Biochip makes droplet test tubes 
         
        
      By 
      Eric Smalley, 
      Technology Research News 
       
      Researchers who are developing biochips 
        are taking two distinct approaches in devising ways to shunt tiny amounts 
        of liquids around. One focuses on finding ways to form microscopic channels 
        and tiny mechanical pumps. The other is aimed at using electricity to 
        maneuver tiny droplets on surfaces.  
         
         Researchers from the University of Texas M.D. Anderson Cancer 
        Center have advanced the second approach with a programmable biochip that 
        uses an array of electrodes to place water droplets on a surface, insert 
        substances into the droplets, and move and merge the droplets. The device 
        contains no moving parts.  
         
         The droplets, which range from 20 to 500 microns in diameter and 
        0.5 to 65 nanoliters in volume, serve as carriers for samples, contaminants, 
        chemical reagents, viral and genetic material, and cells. A nanoliter 
        is one millionth of a milliliter, and there are about 5 milliliters to 
        a teaspoon.  
         
         The device makes it possible to automate biochemical analysis 
        and detection to, for instance, identify pathogens in the field.  
         
         The biochip and its computer controller could eventually be miniaturized 
        and incorporated into portable medical, biological and chemical diagnostic 
        devices, said Jon Schwartz, a research scientist at the University of 
        Texas. "A long-term goal of this research is to provide a fluidic processor 
        technology that can form the core of versatile, automated, microscale 
        devices [for performing] chemical and biological assays at or near the 
        point of care," he said. This will "increase the availability of modern 
        medicine to people who do not have ready access to modern medical institutions." 
         
         
         The biochip contains a 32-by-32 array of electrodes. When energized, 
        electrodes attract water droplets that are suspended in a thin film of 
        liquid hydrocarbon.  
         
         The principle behind the droplet biochip is dielectrophoresis. 
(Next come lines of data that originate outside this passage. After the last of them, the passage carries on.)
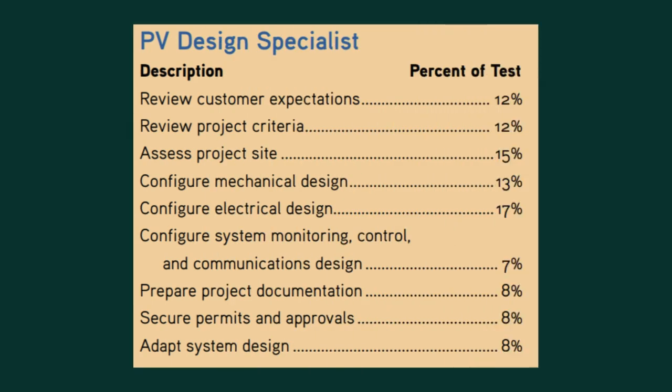Now let's talk about what's on the PVDS exam. The job task analysis is created by subject matter experts who work in the field, and it calls out key domains for this certification. Those domains include: review customer expectations, review project criteria, assess project site, configure the mechanical and electrical design, configure system monitoring, control, and communications design, prepare project documentation, secure permits and approvals, and adapt the system design. Make sure you review that document before you take the exam.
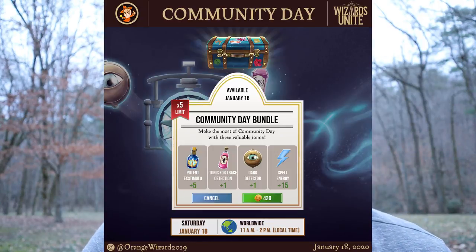Next we have the premium pack, which you can get up to five of at 420 gold each — as is customary with Community Day and Brilliant Event packs. Within each pack are five Potent Extimulos, one Tonic for Trace Detection, one Dark Detector, and 15 spell energy. It's not an insanely great deal, but if you want the potions and energy it's not a bad value.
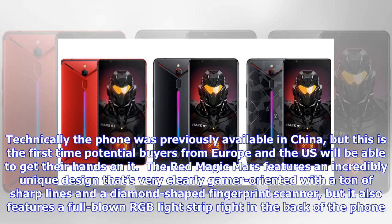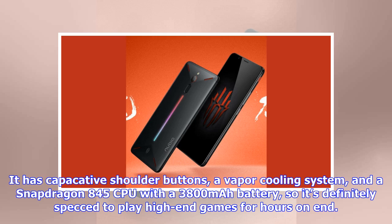The Red Magic Mars features an incredibly unique design that's very clearly gamer-oriented, with a ton of sharp lines and a diamond-shaped fingerprint scanner. It also features a full-blown RGB light strip right in the back of the phone, capacitive shoulder buttons, a vapor cooling system, and a Snapdragon 845 CPU with a 3,800 mAh battery, so it's definitely specced to play high-end games for hours on end.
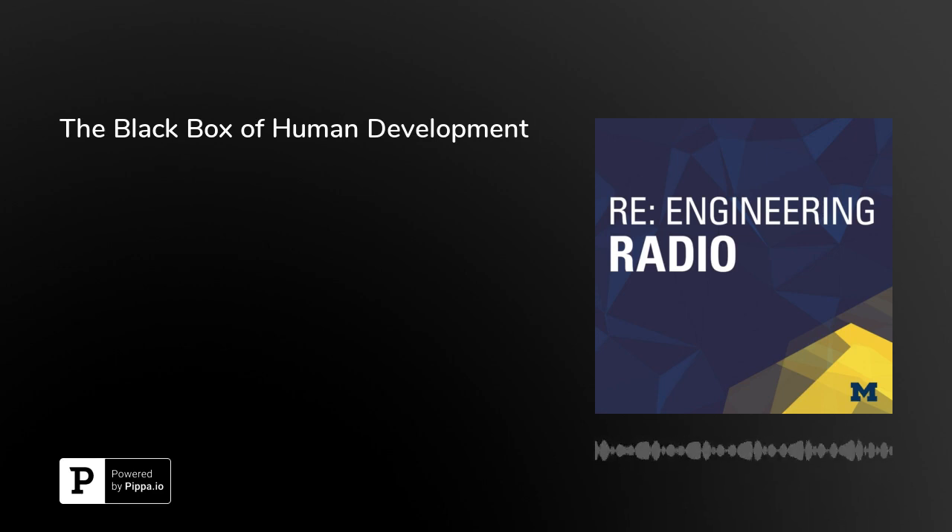In this episode of Re-Engineering Radio, join Michigan Engineering's Kate McAlpine for a deep dive into this research and the tough questions that come along with it.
        Small electrically polarized particles or droplets that are suspended 
        in a less polarized medium are attracted to nearby electric fields like 
        those produced by electrodes. Water droplets are naturally polarized because 
        water molecules are not electrically symmetrical; the arrangement of atoms 
        leaves one end of the molecule positive and the other negative.  
         
         Droplets can be moved and merged simply by sending electrical 
        current to the right sequence of electrodes. By programming electrodes 
        in various sequences, multiple droplets can be moved around the chip and 
        merged to mix their contents.  
         
         Droplets are placed on the biochip from liquid-filled pipettes 
        positioned just above the chip's surface. The fluid pressure is kept just 
        below the level needed to flow onto the surface. Turning on an electrode 
        positioned beneath a pipette produces enough force to draw fluid out. 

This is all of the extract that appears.